*** Opening PROVIDED RECORDS ***

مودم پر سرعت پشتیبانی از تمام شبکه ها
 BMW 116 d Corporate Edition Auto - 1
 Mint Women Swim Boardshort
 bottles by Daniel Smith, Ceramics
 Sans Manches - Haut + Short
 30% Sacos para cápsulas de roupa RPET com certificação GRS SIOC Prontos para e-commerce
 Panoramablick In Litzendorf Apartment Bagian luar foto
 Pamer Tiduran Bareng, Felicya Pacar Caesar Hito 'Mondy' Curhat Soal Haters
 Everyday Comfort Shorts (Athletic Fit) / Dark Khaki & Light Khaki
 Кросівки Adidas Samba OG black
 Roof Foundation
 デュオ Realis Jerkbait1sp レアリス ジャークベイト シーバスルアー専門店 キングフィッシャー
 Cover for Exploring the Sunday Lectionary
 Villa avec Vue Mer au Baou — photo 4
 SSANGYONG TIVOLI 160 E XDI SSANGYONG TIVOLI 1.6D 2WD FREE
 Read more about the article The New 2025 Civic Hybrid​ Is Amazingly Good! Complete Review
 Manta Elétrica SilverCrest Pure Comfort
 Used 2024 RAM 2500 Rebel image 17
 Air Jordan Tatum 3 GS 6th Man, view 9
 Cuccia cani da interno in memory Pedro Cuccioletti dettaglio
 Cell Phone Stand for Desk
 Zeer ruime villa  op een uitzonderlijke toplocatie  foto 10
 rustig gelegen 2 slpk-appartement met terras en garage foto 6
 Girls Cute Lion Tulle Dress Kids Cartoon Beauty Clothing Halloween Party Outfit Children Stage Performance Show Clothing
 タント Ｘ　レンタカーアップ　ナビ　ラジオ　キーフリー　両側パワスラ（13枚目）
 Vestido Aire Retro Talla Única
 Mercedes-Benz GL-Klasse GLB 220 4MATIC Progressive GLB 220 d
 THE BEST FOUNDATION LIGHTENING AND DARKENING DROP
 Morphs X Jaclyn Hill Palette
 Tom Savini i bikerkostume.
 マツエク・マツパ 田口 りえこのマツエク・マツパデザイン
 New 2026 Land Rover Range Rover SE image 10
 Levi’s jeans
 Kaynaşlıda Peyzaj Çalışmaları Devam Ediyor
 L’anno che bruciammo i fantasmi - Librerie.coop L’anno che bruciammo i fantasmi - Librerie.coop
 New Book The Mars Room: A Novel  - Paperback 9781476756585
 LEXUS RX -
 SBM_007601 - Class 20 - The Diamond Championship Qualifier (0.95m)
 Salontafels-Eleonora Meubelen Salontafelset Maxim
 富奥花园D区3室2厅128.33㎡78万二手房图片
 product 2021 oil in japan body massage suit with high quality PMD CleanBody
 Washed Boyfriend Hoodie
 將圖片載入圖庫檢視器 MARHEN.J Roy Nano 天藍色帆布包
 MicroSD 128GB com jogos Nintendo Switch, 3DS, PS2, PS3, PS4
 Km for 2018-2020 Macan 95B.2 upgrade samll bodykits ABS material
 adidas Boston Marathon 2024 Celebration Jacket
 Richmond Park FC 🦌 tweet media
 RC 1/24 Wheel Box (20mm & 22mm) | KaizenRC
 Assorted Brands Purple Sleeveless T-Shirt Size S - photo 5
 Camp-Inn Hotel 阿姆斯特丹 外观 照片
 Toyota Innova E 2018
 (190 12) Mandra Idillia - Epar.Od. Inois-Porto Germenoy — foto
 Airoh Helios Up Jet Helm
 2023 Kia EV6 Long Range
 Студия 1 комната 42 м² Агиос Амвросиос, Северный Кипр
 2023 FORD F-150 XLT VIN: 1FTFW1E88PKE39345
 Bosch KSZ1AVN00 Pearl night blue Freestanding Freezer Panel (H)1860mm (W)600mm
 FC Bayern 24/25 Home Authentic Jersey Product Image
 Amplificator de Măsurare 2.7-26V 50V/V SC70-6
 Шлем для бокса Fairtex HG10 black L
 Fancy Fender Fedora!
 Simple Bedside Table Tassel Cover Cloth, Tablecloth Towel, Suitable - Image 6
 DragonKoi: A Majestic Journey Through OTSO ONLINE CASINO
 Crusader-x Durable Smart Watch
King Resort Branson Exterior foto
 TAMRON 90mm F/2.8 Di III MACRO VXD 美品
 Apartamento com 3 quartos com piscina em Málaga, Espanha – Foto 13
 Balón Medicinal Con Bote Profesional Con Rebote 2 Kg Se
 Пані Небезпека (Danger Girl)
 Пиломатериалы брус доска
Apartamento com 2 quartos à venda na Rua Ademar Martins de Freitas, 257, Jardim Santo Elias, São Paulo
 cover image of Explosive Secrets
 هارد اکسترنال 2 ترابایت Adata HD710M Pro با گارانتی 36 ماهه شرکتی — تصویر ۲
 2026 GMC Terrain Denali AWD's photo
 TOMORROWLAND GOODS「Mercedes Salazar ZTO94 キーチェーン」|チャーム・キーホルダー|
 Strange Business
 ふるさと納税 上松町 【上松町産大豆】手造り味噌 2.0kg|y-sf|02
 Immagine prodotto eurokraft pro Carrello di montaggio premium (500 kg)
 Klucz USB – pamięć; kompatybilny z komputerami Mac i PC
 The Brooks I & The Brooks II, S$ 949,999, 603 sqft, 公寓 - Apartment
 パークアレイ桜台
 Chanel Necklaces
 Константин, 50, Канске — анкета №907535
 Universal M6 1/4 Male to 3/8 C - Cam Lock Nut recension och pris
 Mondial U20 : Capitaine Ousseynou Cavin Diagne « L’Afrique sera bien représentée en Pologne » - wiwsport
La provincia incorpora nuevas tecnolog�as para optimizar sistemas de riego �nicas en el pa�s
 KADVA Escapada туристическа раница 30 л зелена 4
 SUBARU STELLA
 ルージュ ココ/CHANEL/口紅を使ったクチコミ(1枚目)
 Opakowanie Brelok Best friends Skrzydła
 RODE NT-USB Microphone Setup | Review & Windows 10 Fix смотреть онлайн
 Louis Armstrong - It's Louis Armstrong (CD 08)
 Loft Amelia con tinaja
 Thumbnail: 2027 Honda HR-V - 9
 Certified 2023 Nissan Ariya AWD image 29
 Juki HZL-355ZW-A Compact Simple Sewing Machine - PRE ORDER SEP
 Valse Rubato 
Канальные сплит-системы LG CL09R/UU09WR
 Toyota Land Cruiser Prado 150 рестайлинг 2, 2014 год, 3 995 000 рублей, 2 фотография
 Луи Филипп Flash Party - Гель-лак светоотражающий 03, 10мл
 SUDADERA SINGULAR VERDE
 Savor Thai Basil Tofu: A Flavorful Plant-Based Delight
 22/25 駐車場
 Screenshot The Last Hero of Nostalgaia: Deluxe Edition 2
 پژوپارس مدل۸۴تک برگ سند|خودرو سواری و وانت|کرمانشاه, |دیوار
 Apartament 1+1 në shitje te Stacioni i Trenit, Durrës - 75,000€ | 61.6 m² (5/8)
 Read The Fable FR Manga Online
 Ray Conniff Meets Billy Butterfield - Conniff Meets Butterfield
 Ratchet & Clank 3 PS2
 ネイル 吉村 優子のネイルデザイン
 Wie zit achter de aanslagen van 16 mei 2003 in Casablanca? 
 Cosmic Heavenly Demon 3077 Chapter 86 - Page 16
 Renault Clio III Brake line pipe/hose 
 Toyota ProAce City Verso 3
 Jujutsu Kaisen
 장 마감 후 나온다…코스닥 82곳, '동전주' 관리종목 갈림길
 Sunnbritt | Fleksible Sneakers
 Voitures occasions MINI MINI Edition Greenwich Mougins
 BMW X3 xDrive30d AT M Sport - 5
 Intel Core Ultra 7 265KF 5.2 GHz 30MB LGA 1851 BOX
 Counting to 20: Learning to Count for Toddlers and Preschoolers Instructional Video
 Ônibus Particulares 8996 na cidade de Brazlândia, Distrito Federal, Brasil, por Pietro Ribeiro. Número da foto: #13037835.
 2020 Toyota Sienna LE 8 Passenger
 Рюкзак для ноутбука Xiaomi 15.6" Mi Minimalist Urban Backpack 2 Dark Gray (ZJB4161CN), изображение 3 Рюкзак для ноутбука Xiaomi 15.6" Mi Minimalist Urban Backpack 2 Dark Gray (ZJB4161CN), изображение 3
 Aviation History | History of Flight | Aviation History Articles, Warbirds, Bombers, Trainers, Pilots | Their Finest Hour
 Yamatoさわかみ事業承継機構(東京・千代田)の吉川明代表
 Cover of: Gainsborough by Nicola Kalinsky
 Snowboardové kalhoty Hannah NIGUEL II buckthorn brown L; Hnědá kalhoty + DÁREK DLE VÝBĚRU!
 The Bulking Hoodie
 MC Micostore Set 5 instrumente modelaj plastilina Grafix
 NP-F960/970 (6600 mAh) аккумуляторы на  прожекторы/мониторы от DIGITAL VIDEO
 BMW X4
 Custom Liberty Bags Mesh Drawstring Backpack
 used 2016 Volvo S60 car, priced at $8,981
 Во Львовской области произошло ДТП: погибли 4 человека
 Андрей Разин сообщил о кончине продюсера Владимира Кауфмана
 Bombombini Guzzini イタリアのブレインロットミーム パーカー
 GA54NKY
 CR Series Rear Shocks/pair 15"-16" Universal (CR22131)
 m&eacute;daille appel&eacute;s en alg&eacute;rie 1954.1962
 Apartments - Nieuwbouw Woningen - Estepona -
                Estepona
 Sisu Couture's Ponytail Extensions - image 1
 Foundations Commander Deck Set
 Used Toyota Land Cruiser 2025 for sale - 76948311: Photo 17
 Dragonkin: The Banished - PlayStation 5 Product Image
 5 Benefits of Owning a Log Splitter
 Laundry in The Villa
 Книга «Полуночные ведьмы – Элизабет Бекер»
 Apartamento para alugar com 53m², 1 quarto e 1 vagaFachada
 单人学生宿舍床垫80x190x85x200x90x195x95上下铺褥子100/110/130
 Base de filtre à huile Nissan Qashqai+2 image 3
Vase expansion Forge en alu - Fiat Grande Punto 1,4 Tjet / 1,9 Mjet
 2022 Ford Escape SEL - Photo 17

*** Closing PROVIDED RECORDS ***

◆ WORK INSTRUCTION: Reproduce the lines of the entries above from the one with "Assorted Brands Purple" to the one with "Bosch KSZ1AVN00 Pearl", both included, exactly and without any other line.

◆ ANSWER AREA:
 Assorted Brands Purple Sleeveless T-Shirt Size S - photo 5
 Camp-Inn Hotel 阿姆斯特丹 外观 照片
 Toyota Innova E 2018
 (190 12) Mandra Idillia - Epar.Od. Inois-Porto Germenoy — foto
 Airoh Helios Up Jet Helm
 2023 Kia EV6 Long Range
 Студия 1 комната 42 м² Агиос Амвросиос, Северный Кипр
 2023 FORD F-150 XLT VIN: 1FTFW1E88PKE39345
 Bosch KSZ1AVN00 Pearl night blue Freestanding Freezer Panel (H)1860mm (W)600mm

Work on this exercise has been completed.